Cuomo Aims to Speed Tappan Zee Construction With ‘Design-Build’
A New York law approved last month may speed infrastructure projects such as a new $5.2 billion Tappan Zee Bridge, a priority of Governor Andrew Cuomo, by giving control of design and construction to one consortium.
The Infrastructure Investment Act, passed by the Legislature in a special session with little fanfare, allows the departments of Transportation and Environmental Conservation as well as the Thruway Authority to contract with a single entity to design and build bridges, roads and dams. Previously, with limited exceptions, New York could use only a process whereby state engineers would design a project and then put it out for bids by construction companies.
“Accelerating projects is the linchpin of everything you have heard from the governor,” Deputy Secretary of Transportation Karen Rae said at a Dec. 14 presentation to about 175 designers and contractors from companies including Skanska AB (SKAB), Bechtel Group Inc. and URS Corp.
New York may announce as soon as today a list of companies qualified to compete to build the bridge, according to a Transportation Department and Thruway Authority schedule issued Nov. 21.

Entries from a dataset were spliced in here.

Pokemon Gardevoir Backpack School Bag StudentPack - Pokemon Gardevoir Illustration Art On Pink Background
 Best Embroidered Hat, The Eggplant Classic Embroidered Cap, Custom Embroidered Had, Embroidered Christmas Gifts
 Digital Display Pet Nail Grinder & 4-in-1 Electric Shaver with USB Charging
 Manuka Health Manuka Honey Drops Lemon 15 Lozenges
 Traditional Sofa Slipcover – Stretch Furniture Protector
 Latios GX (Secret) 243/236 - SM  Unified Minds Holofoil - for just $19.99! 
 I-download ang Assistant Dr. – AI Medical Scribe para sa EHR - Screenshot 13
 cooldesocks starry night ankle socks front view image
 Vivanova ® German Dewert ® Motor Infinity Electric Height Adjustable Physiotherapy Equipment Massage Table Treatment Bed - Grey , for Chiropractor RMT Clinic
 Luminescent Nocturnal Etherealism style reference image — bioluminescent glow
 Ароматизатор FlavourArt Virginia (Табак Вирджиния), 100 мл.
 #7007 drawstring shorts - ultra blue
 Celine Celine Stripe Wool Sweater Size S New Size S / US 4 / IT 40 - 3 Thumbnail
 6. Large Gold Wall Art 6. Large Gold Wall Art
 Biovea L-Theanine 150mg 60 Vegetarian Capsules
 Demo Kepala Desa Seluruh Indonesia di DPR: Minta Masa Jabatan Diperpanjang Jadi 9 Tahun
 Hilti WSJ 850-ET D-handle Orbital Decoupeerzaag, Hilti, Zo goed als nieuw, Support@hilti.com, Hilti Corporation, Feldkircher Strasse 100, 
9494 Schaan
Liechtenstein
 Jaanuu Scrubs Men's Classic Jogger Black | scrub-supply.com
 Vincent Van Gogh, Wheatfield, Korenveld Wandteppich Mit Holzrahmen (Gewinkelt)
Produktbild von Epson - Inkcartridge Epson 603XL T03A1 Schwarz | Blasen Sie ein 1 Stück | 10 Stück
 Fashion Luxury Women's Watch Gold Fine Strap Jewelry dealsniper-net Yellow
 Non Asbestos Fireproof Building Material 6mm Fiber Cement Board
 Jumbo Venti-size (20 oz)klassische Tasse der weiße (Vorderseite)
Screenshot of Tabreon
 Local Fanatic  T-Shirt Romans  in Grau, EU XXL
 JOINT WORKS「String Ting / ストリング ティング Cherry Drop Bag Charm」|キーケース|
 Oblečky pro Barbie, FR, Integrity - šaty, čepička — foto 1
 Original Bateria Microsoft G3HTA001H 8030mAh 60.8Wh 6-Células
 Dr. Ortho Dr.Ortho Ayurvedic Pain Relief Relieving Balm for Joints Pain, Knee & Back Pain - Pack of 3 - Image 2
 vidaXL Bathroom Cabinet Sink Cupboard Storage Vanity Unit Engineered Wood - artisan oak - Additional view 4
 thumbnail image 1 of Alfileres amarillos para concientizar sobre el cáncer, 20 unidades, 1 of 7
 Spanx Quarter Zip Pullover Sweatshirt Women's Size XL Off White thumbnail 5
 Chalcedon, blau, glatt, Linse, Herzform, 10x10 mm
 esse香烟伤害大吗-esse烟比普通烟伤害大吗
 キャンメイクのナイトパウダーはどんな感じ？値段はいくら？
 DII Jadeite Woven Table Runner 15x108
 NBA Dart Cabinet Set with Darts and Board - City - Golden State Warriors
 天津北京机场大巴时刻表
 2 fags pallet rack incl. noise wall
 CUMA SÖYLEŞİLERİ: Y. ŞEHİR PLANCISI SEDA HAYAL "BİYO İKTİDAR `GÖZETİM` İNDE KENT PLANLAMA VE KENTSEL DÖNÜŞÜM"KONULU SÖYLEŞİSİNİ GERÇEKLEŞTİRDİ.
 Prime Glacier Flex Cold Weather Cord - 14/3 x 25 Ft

In his budget address this month, Cuomo proposed speeding infrastructure projects by using the so-called design-build process and a $15 billion infrastructure fund. Consisting of state, federal and private money, the fund would be used to repair 2,000 miles (3,217 kilometers) of roads, 90 municipal water systems and 100 bridges.
The project to replace the 56-year-old Tappan Zee will be funded only with public money, not private equity or through a public-private partnership, according to the minutes of the meeting where Rae spoke in White Plains, New York.
The three-mile bridge carries 138,000 vehicles per day across the Hudson River between Rockland and Westchester counties, connecting the lower Hudson Valley with New York City. Replacing it is the centerpiece of Cuomo’s job-creation strategy. The 54-year-old Democrat has compared the project to the 19th century construction of the Erie Canal.
The Thruway Authority spent $389 million from 2007 through 2011 to maintain and improve the Tappan Zee, said Betsy Feldstein, a spokeswoman for the agency. The Federal Highway Administration estimates it will cost from $5.2 to $16 billion to replace the span, depending on whether it has bus lanes and tracks for rail.
President Barack Obama’s administration has listed the Tappan Zee among 14 projects that will travel an expedited federal approval process. New York is moving quickly and plans to start work this summer, Transportation Commissioner Joan McDonald said Jan. 26 in a telephone interview.
With design-build, state engineers, often with help from a private consulting firm, set the parameters for the project and then ask companies or a group of designers and contractors to compete to win a single contract.
Advocates say the process saves money and time because construction can begin without a bidding phase. Also, better coordination allows problems to be solved faster, they say. Governments benefit from contracting with a single entity responsible for guaranteeing price and schedule.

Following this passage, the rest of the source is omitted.